Fidelity Investments, which manages $2.5 trillion for investors, said the ongoing movement to low-cost mutual funds presents "unsustainable economics" for its FundsNetwork platform, the business model of which is "broken," according to a company document from 2017 detailed in a story published Wednesday in the Wall Street Journal.

Fidelity is being investigated by the Department of Labor for a hidden fee it supposedly charges fund companies whose products are available on the platform, which holds $1.5 trillion in customer assets, according to the Journal. That fee could be passed on to investors and make up for reduced revenue elsewhere, the report said.

A lawsuit filed last week also attacked this so-called "secret" 401(k) fee, calling it a "kickback" that's undisclosed to investors and employers. The Labor Department has jurisdiction over employer-sponsored retirement plans.

A Fidelity spokesman declined to comment on the Labor Department investigation and memo discussing business economics.

Fidelity's "infrastructure" fee, at issue in the DOL investigation, seems to be a way to combat some of the low-cost trends playing out in asset management. Someone with knowledge of Fidelity's business operations said the firm had not yet been contacted by the DOL about the investigation. The firm doesn't share details of the administrative fee for competitive reasons, the source said.

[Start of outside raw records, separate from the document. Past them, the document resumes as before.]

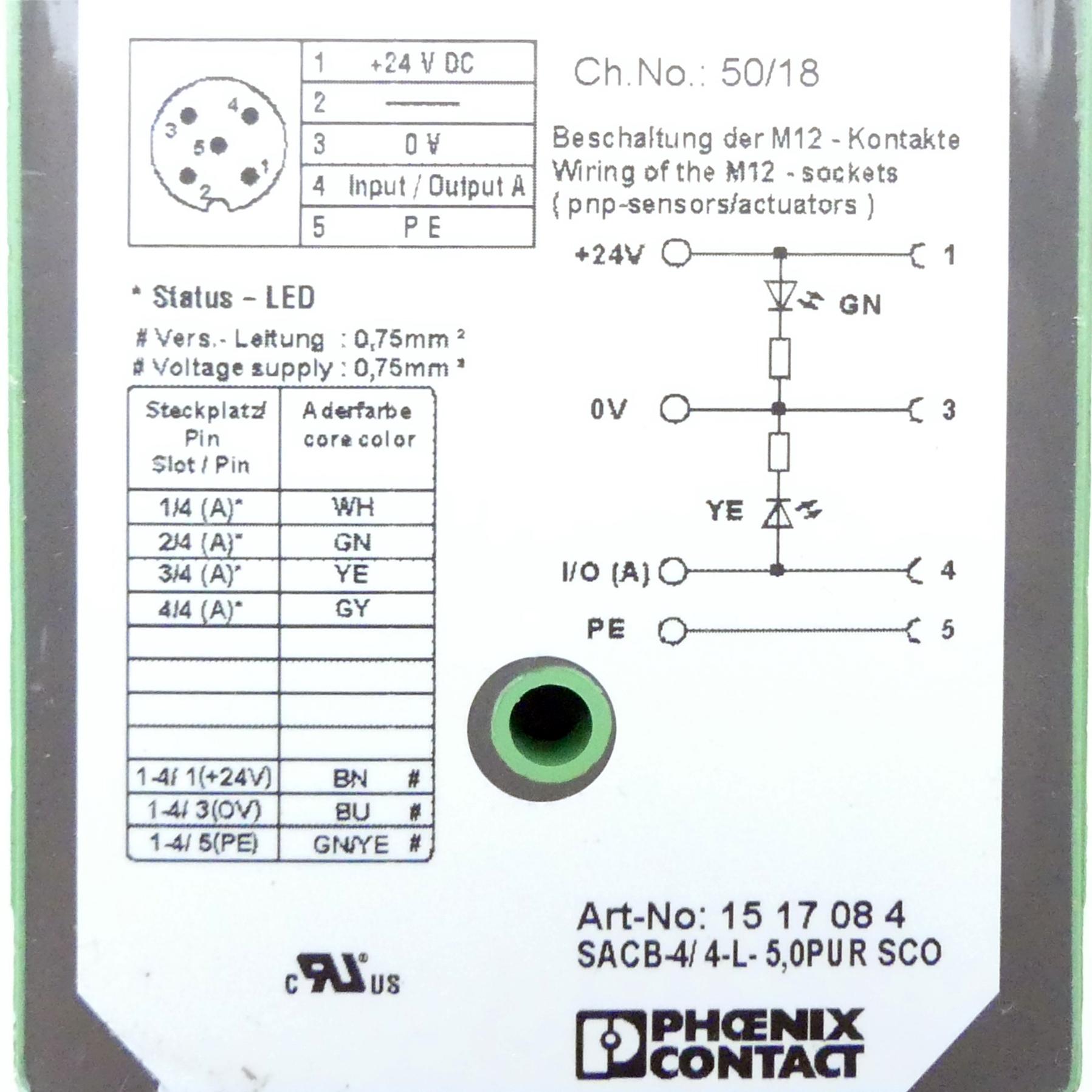 Produktfoto 2 von PHOENIX CONTACT Verteilerbox SACB-4/ 4-L- 5,0PUR SCO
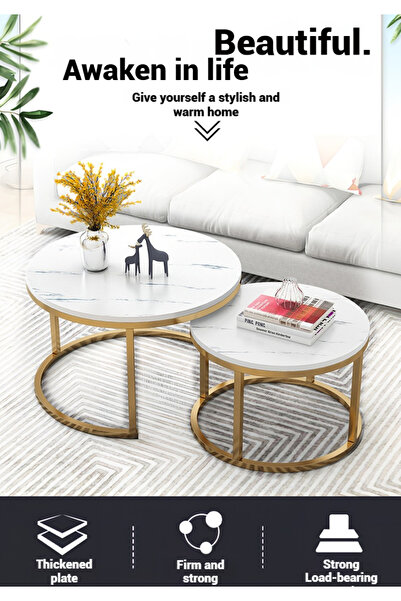 Generic Leon Home 2-Piece Extendable Nordic Coffee Table Set - Round Modern Side Tables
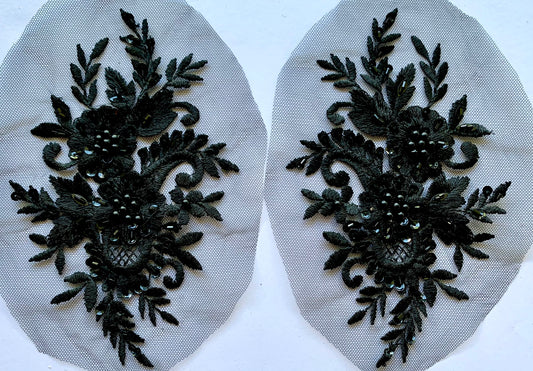 Black Beaded Applique - BL#27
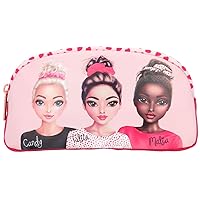 Depesche TOPModel Beauty Girl 11532 Cosmetic Bag in Pink with Model Print on The Front and Red Heart Pattern on The Back Approx. 22 x 12 x 4 cm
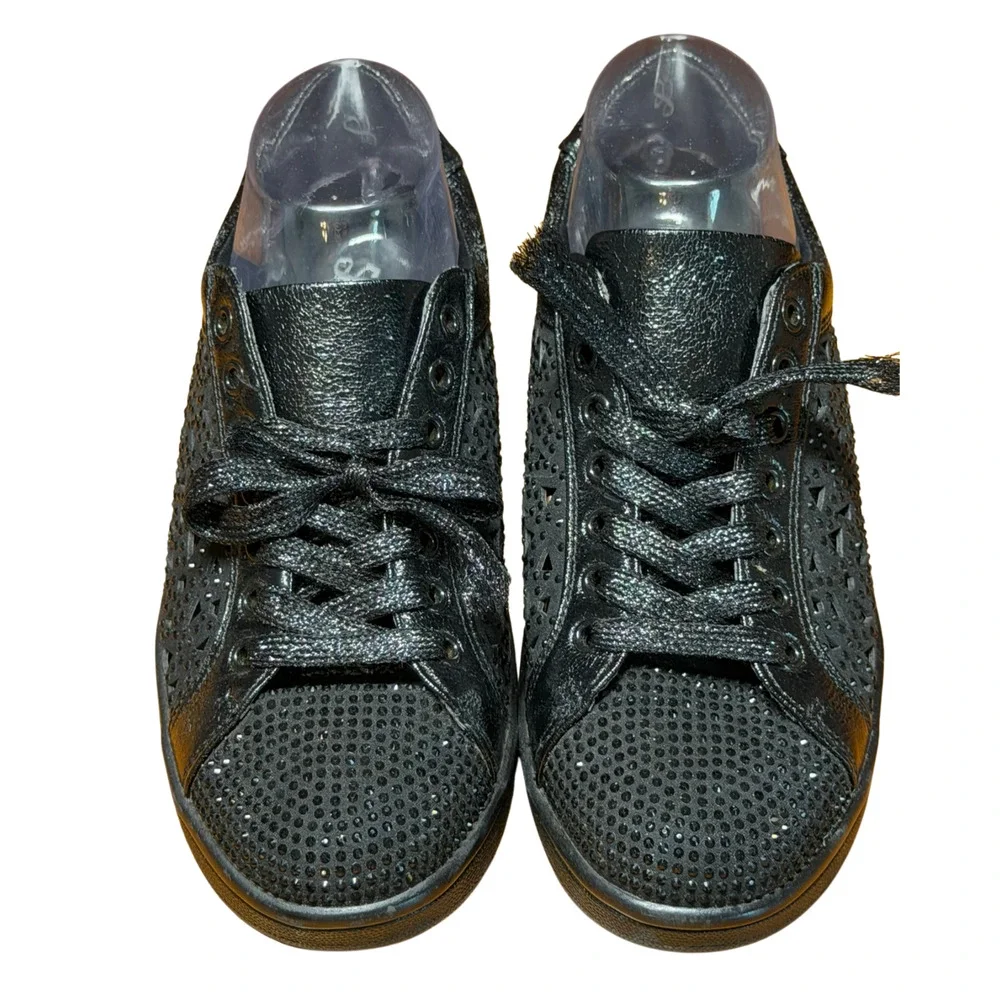 Lady Couture Sz 8.5 Paris Low-Top Sneakers Geometric Cut-Outs Rhinestones Black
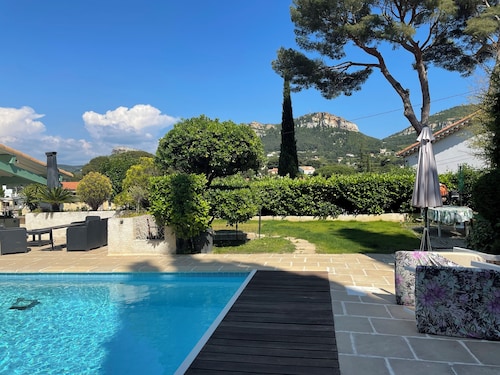 Dans villa beau duplex climatisé bord de piscine /jardin 4 adultes+garage.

Fidelity isn't the only one feeling the pinch from broad industry dynamics. Active managers, whose fees are often higher than those of their passive-management counterparts, have been getting clobbered over the past several years. Passive managers have gobbled up market share and seen a massive influx of new money while active managers have seen net redemptions as investors and their advisers have ridden a decade of positive market returns and become more cost-conscious.

"The active equity world has been bleeding assets over the past few years," said Todd Rosenbluth, head of ETF and mutual fund research at CFRA Research. "It's just a newer world for these asset managers that focus on active management."

Assets held in actively managed mutual funds and exchange-traded funds still eclipse those of index funds: $10.4 trillion versus $6.6 trillion as of year-end 2018, according to Morningstar Inc.

But last year saw $308 billion in net assets leave active funds, while index funds took in $457 billion in net money, according to Morningstar. Passively managed funds have swelled six-fold since 2008, while active assets have roughly doubled.

Total fund assets
Net fund flows
Source: Morningstar

Concurrently, overall investment fees have dipped. In 401(k) plans, fees for domestic equity mutual funds dropped to 0.46% from 0.65% on an asset-weighted basis from 2009 to 2015, according to BrightScope Inc. and the Investment Company Institute.

Roughly 95% of inflows into target-date funds went to passive investments in 2017, according to Morningstar, citing employers' "demand for low costs." While Vanguard Group, which primarily sells index funds, has extended its dominance over the TDF market, swelling its market share more than 4 percentage points to 36% in two years through 2017, Fidelity's has decreased nearly 3 points to 14.1%, according to Sway Research.

Fidelity and other firms have taken several approaches to tackling some of the negative aspects of the low-fee trend on their bottom lines. Some have introduced more index funds of their own as a sort of hedge and to cater to investors' preferences. Fidelity has taken this to the extreme, introducing the industry's first zero-fee funds last year.

And this isn't to say all active managers are struggling. American Funds, for example, boosted its share of the TDF market 2 points, to 5.1%, over 2015-17, according to Sway Research.

To some observers, despite the bleak data, the economics of active management haven't become unsustainable, and likely won't get to that point.

"I think there will be a leveling out," Mr. Rosenbluth said. "I don't think we're anywhere close to a path where there's no role for active management."